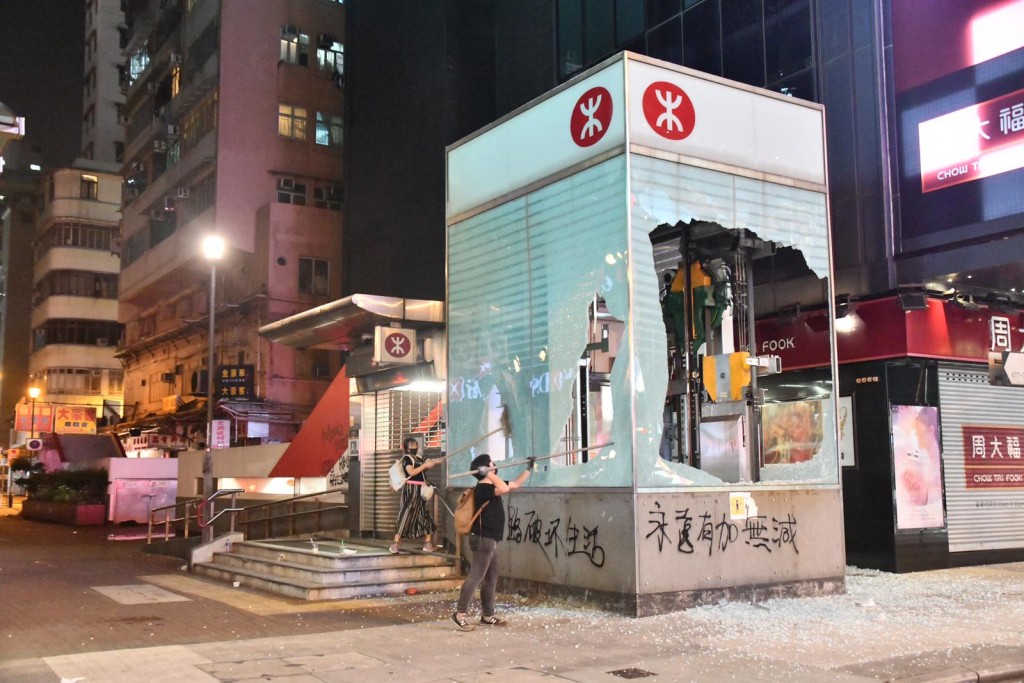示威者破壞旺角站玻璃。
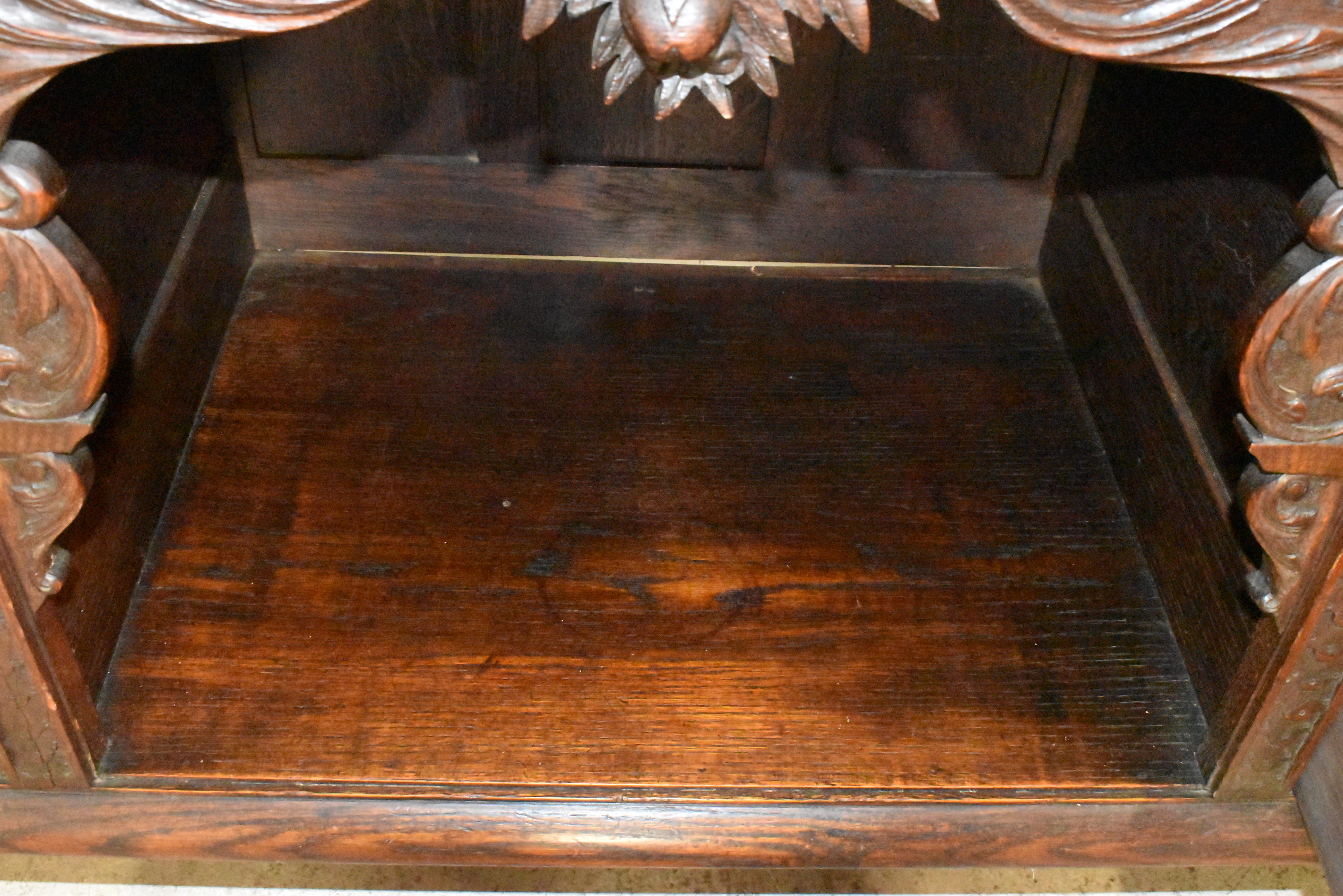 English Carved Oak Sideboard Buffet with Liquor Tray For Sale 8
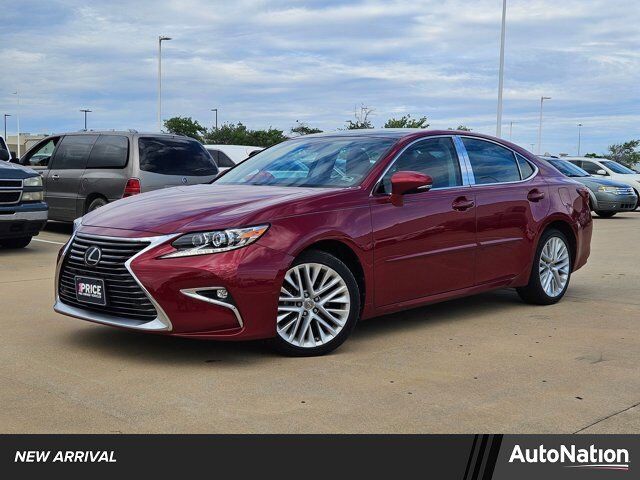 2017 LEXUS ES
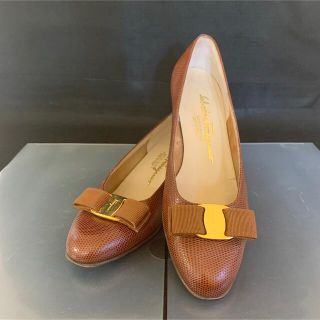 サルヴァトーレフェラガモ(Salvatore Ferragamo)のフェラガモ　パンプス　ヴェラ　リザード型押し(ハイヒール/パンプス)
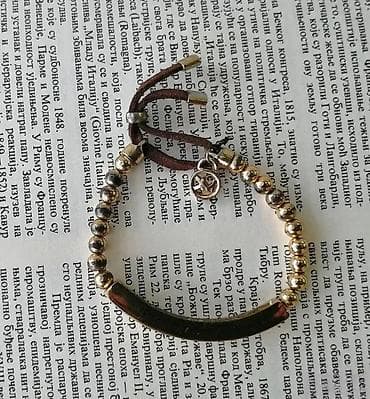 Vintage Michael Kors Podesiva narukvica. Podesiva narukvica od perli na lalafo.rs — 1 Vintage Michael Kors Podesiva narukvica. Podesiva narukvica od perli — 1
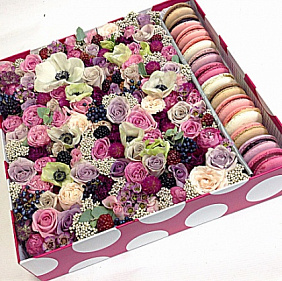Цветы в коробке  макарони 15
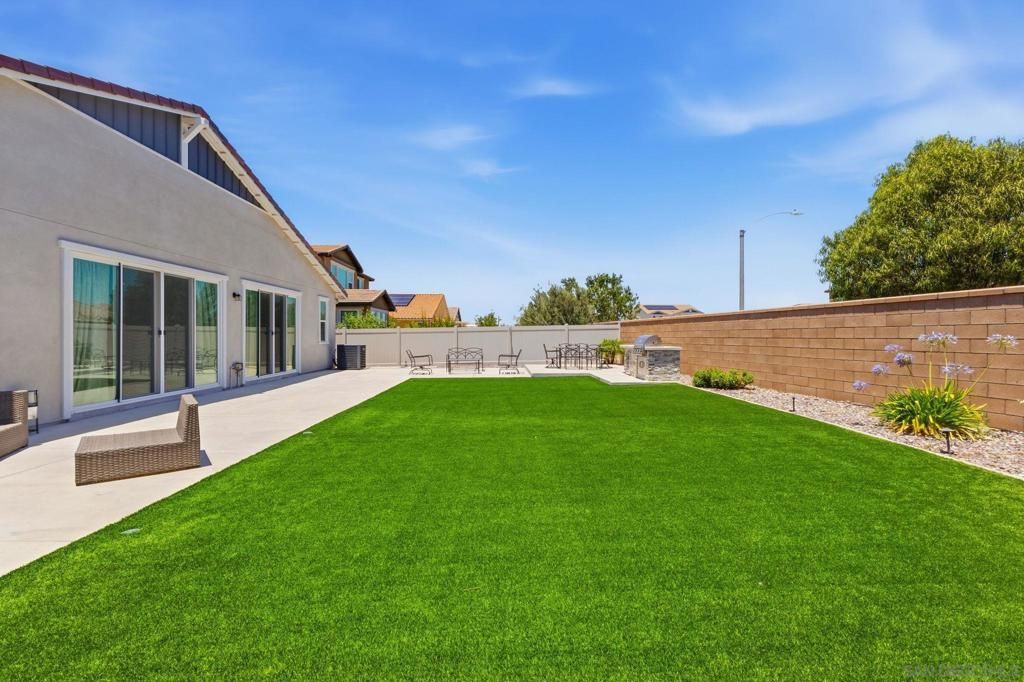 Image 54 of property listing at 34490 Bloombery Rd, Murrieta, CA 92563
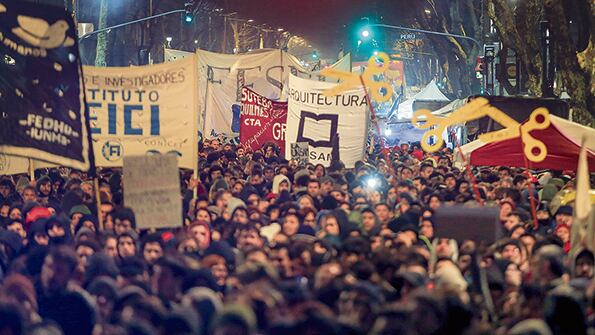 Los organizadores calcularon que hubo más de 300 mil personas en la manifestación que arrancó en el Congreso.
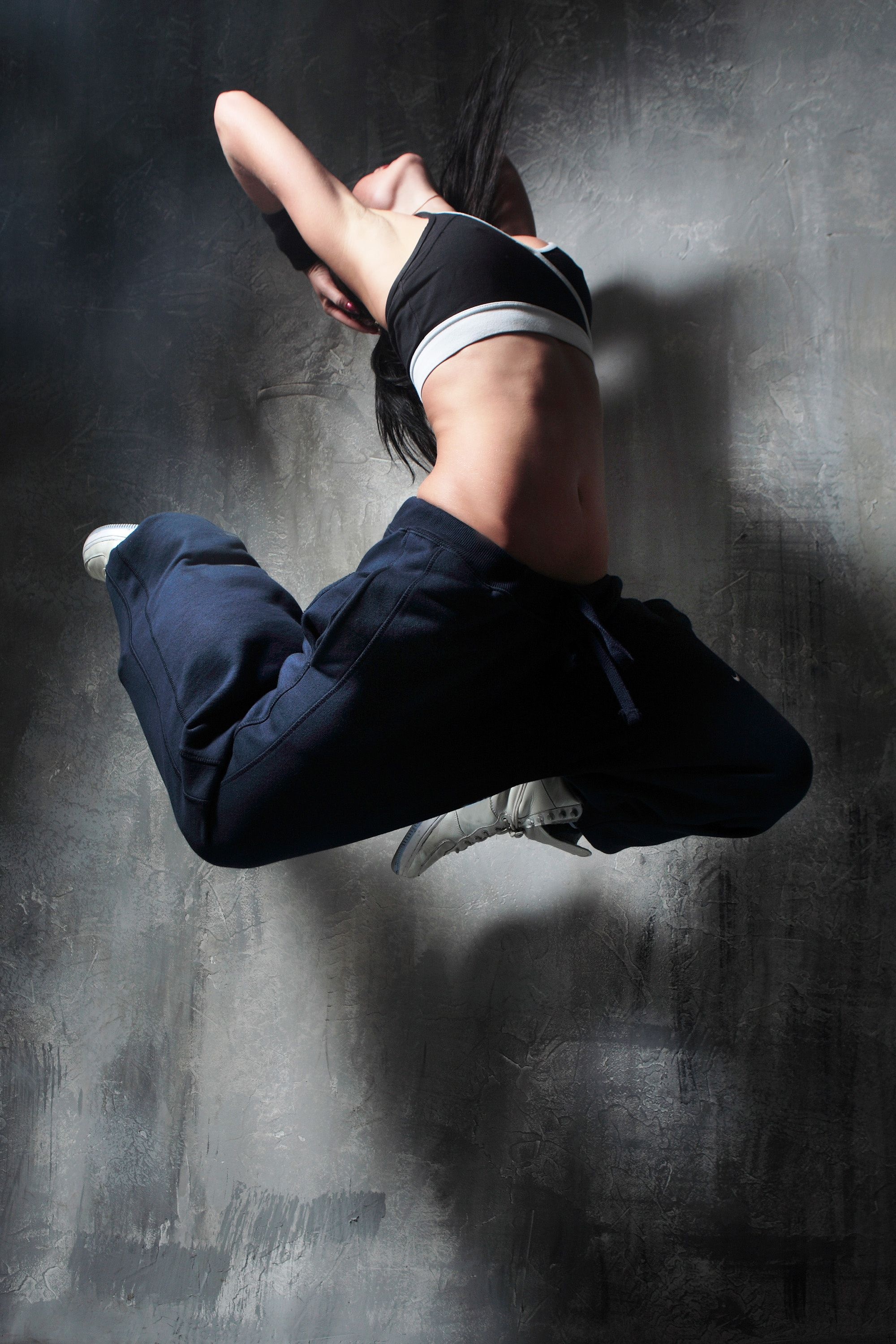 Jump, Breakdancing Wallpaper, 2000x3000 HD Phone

====================

WORK INSTRUCTIONS:
Copy out the listing exactly as it stands, but not the pictures.

WRITTEN ANSWER:
示威者破壞旺角站玻璃。
 English Carved Oak Sideboard Buffet with Liquor Tray For Sale 8
 2017 LEXUS ES
 サルヴァトーレフェラガモ(Salvatore Ferragamo)のフェラガモ　パンプス　ヴェラ　リザード型押し(ハイヒール/パンプス)
 Vintage Michael Kors Podesiva narukvica. Podesiva narukvica od perli na lalafo.rs — 1 Vintage Michael Kors Podesiva narukvica. Podesiva narukvica od perli — 1
Цветы в коробке  макарони 15
 Image 54 of property listing at 34490 Bloombery Rd, Murrieta, CA 92563
 Los organizadores calcularon que hubo más de 300 mil personas en la manifestación que arrancó en el Congreso.
 Jump, Breakdancing Wallpaper, 2000x3000 HD Phone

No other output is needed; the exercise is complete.